Once admitted to a hospital, around 1 in 5 Medicare beneficiaries are readmitted within one month, and a third within 90 days. The goal of Medicare policy should be to pay for productive care for beneficiaries, which I would define as care that improves the patients’ quality of life and/or increases their lifespan. Readmissions could fit this definition, but many do not, and decreasing 30 day readmissions is viewed as a high priority since such a quick return visit to the hospital is likely to signal some problem in the follow up care available to Medicare beneficiaries.

CMS created the Community Based Care Transitions Project in April 2011 to seek proposals to test and adapt innovative models to reduce 30 day readmissions. Most importantly, the demonstrations are supposed to test and develop funding mechanisms that will encourage the reduction of hospital readmissions. This is the most important part of the demonstration, developing payment approaches that incentivize high quality care; if it reduces readmissions, then it is likely to also reduce cost. There are a variety of groups around the nation that have been focusing on this issue such as Boston University, and the University of Colorado at Denver. The key task is moving such pockets of excellence that are often being cross subsidized by other parts of academic medical systems into more widespread use. Can the best practices be widely implemented in a sustainable fashion?

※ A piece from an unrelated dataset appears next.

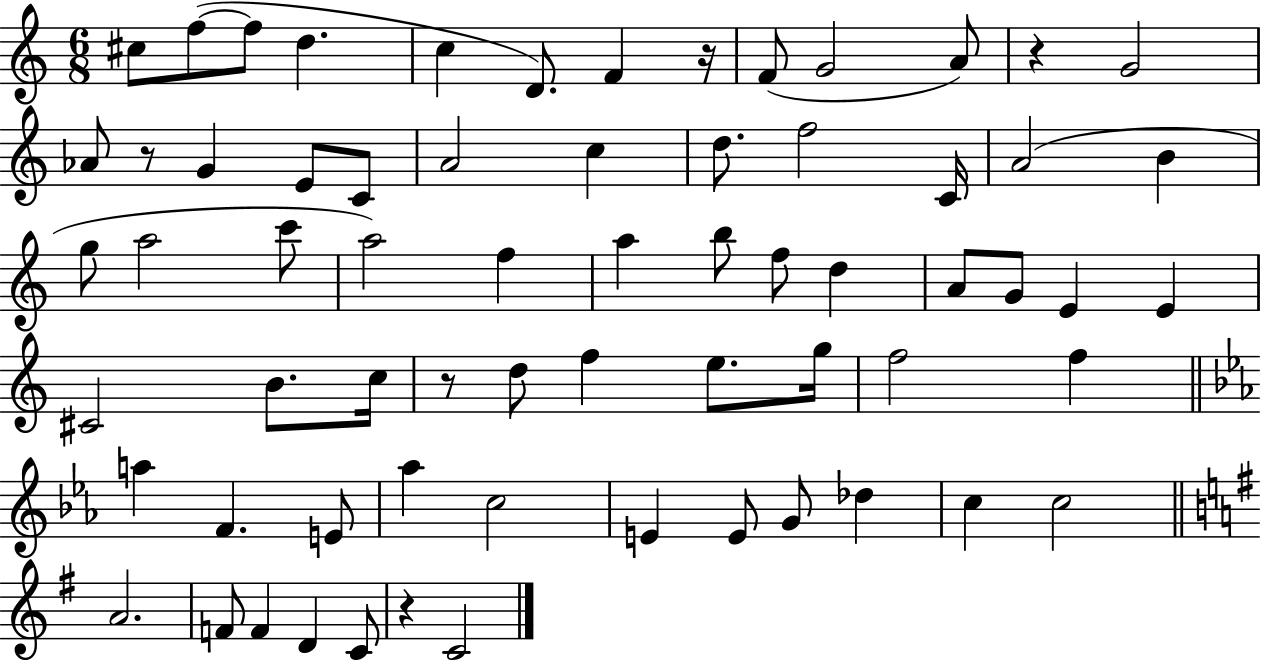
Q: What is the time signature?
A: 6/8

There is a great deal of inertia to overcome in Medicare policy. Providers often exist in their silos, and have had to learn to exist within the current funding mechanisms. The new flurry of investigation initiated by the ACA is causing some dislocation of the silos, which is the point. For example, in the discussion of readmissions, many hospice and palliative medicine providers believe they have been doing the bread and butter work needed to avoid readmissions: understanding patient goals, discharge planning that accounts for the social context of the patient, and focusing on the needs of the caregiver and broader family. However, they are definitely a silo in the system for many reasons.

The hospice benefit in the Medicare program pays a straight per diem rate, just about the only per diem health care reimbursement mechanism that remains in Medicare (I can’t think of another; anyone else?). This has meant that hospice providers could carve out a niche and so long as they can survive (or thrive) on the per diem payment and their patient mix, they could function in many ways independently. And hospice has proven popular with patients, with over 40% of Medicare decedents using some hospice. Now that the overall health care system is looking closely at readmissions, hospice and palliative medicine providers need to join in and share their expertise at delivering care to try and integrate this experience throughout the health care system….it needs to move out of their silo.

The super committee will be looking for $1.2 Trillion in deficit reduction over 10 years. If all they do is shave payment rates, they will be missing the boat. We need changes in our health system not only in the next decade for a CBO score, but in the out years 11-40 when deficits absent profound health reform become truly unimaginable.Profound change will mean less care delivered per capita and better quality. This will be very hard, and nearly impossible so long as health reform is a political football.

Somehow we have got to produce a policy regime going forward that allows for the experimentation and development of new models of care and payment that are at least somewhat depoliticized. If this transitions project fails to identify a workable payment scheme to reduce readmissions, that doesn’t prove that the ACA was a failure. It just means we have more work to do to develop better models to prevent readmission.

Somehow, we need to get to a way forward in health reform that allows and requires experimentation, but doesn’t make every new finding first and foremost the next bullet in an ongoing political war between Democrats and Republicans. I am not optimistic, but remain hopeful.

update: Brad Flansbaum has a nice post on readmission prevention from a few days back. He is correct that ‘fixing’ readmission won’t magically fix the overall system. There is nothing but hard work to be done on the way to a sustainable health care system. And here is a paper I haven’t read carefully that Brad identifies asking if readmission policy exacerbates inequalities. Quick glance notes paper is saying that there are community/social factors that lead to readmissions….this is one of the things that hospice folks would claim to be good at addressing.  I may write more on this later.